Semantic Web As proposed by Tim Berners-Lee in his original paper, the Semantic Web should be a new generation of World Wide Web in which information is given a computer understandable well-defined meaning (semantics), thus enabling a wide range of intelligent services such as search agents, information filters etc. As a consequence, using this semantics, or metadata, it will be possible, e.g., to perform search of Web resources by content rather than just by keywords. A significant step in this direction is the development of a new generation of Web markup languages such as Web Ontology Language (OWL) and its predecessor DAML+OIL.
Semantic Web Services Among the most important Web resources are those that provide services, i.e. not merely present static information but allow a human or a computer agent to effect some action (to process information, buy a product or control a physical device). The aim of researches into Semantic Web Services is to provide enabling infrastructure for e-Science, e-commerce and other Web applications by automating access to Web services. In particular, the objective is to automate the process of discovering and using services in order to perform a given task, and of composing multiple services in order to perform more complex tasks.
Dynamic Ontologies for Services Like the Description Logics on which they are based, languages such as DAML+OIL and OWL have limited expressive power. From the point of view of describing services, these restrictions are rather severe. In particular, they can only describe static aspects of the world, since they have no notion of time and change. One of approaches to overcome these limitations is the Web Services Ontology Language (OWL-S, formerly DAML-S) which is currently being developed as a part of the DAML program. This new Web markup language is expected to provide a computer-interpretable description for services and enable users and software agents to discover, invoke, compose, and monitor Web resources offering particular services.

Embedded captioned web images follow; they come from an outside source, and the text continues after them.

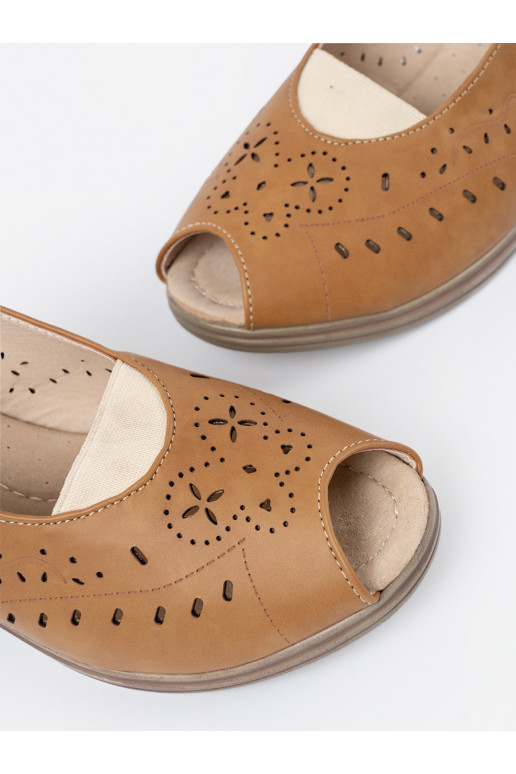 s ažurovými prvky sandály karmelowe  s ažurovými prvky sandály karmelowe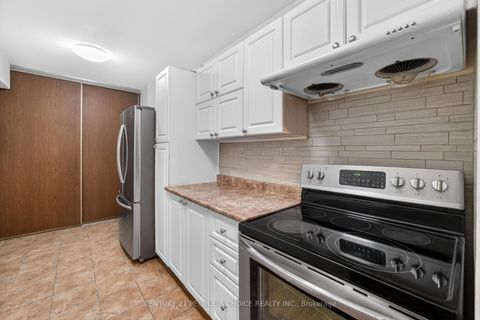 Photo 8 at 702 - 390 Dixon Road, The Westway, Toronto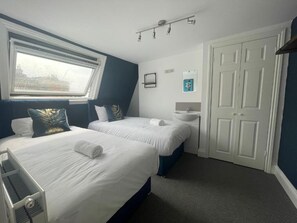 5 chambres, fer et planche à repasser, Wi-Fi gratuit, draps fournis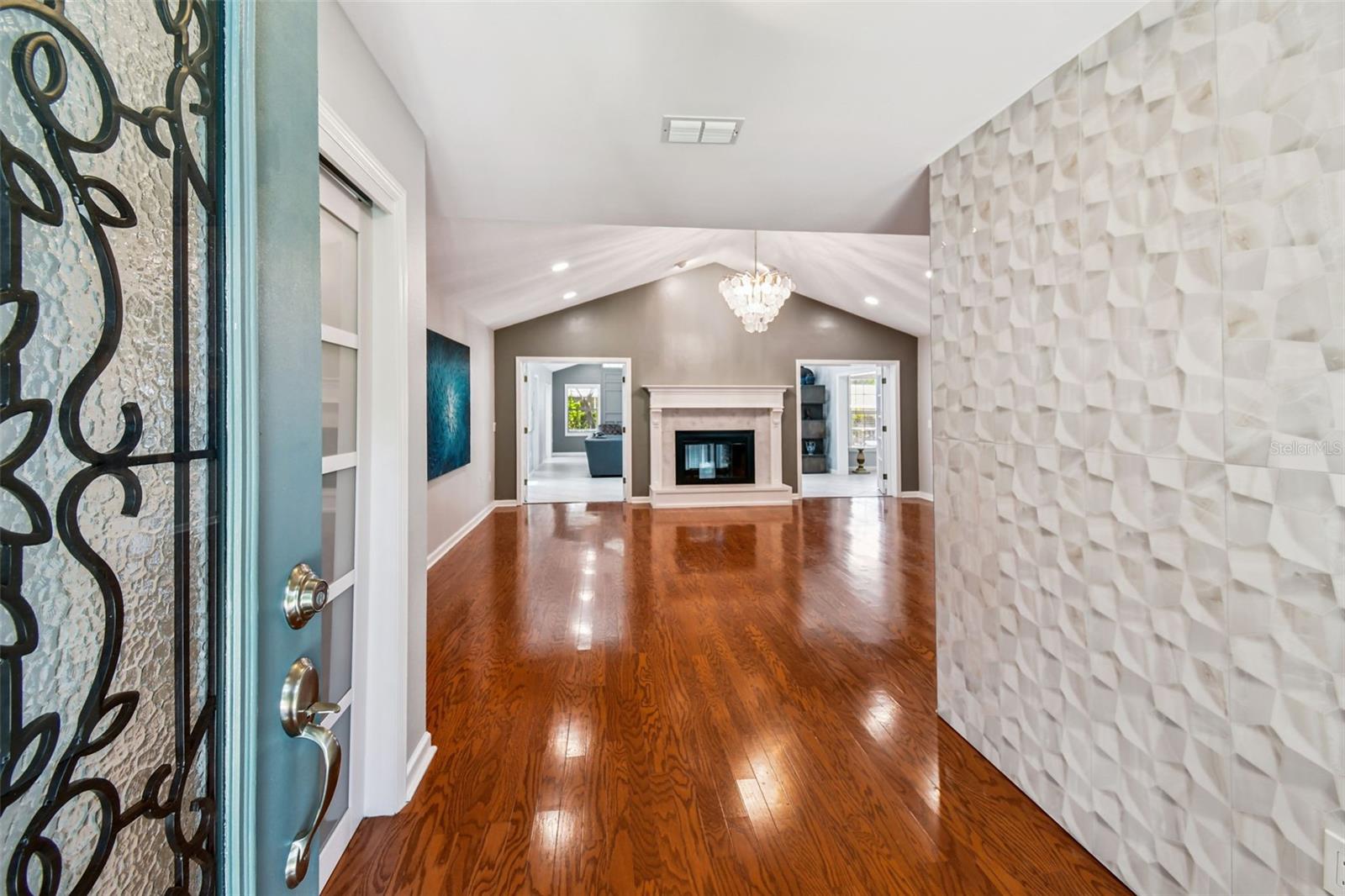 Image 5 of 83 For 822 Village Way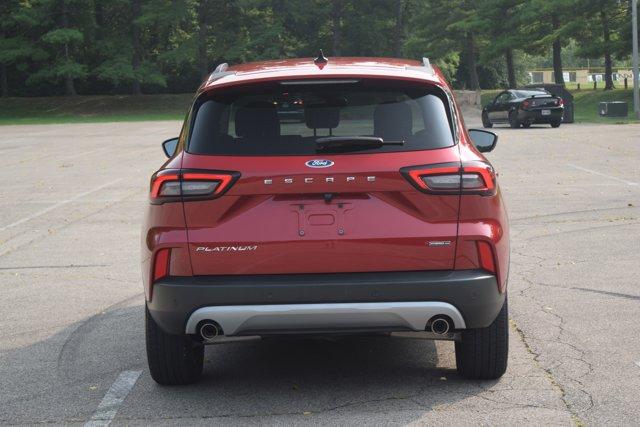 Photo of 2023 Rapid Red Metallic Tinted Clearcoat Ford Escape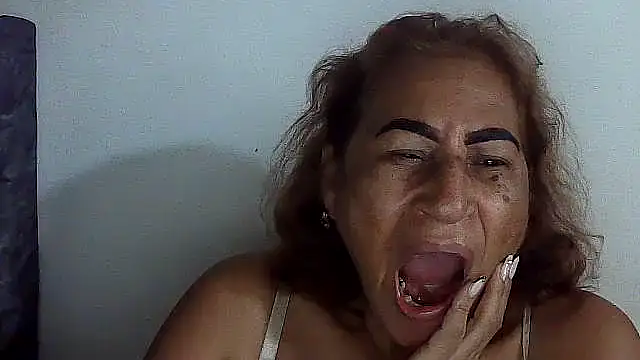 Snapshot of charrysexy1 chatting on December 19, 2025, 12:56 pm charrysexy1 online show from December 19, 2025, 12:56 pm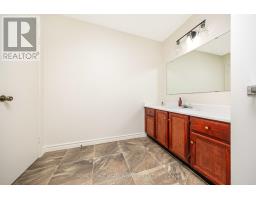 Dining room - 165 Vodden Street W, Brampton, ON L6X2Y1 Photo 4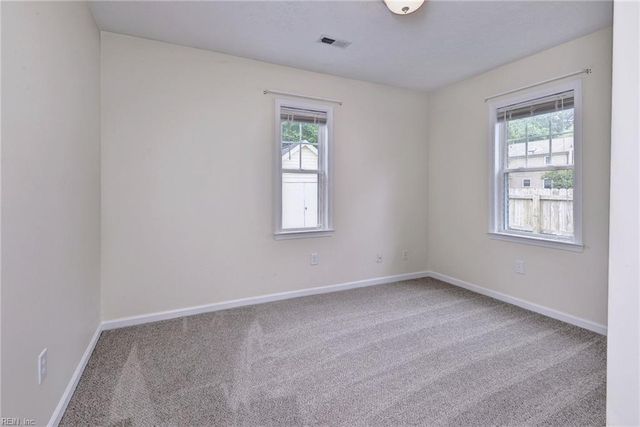 701 Tabb Lakes DR, Yorktown, VA 23693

A principled extension of Web ontology languages to represent and reason about dynamic situations first requires an extension of the underlying description logics on which they are based. The goal of this project is to develop a logical basis for a dynamic ontology language that is fully compatible with current, standard static ontology languages and provides the necessary expressive power for the structured representation of e-Science services. We propose to do this by extending existing description logics with the notions of time (both quantitative and qualitative), and change. Most importantly, we will specify and investigate inference problems that are well-suited to serve as a basis for reasoning systems to support the description and use of Web-services.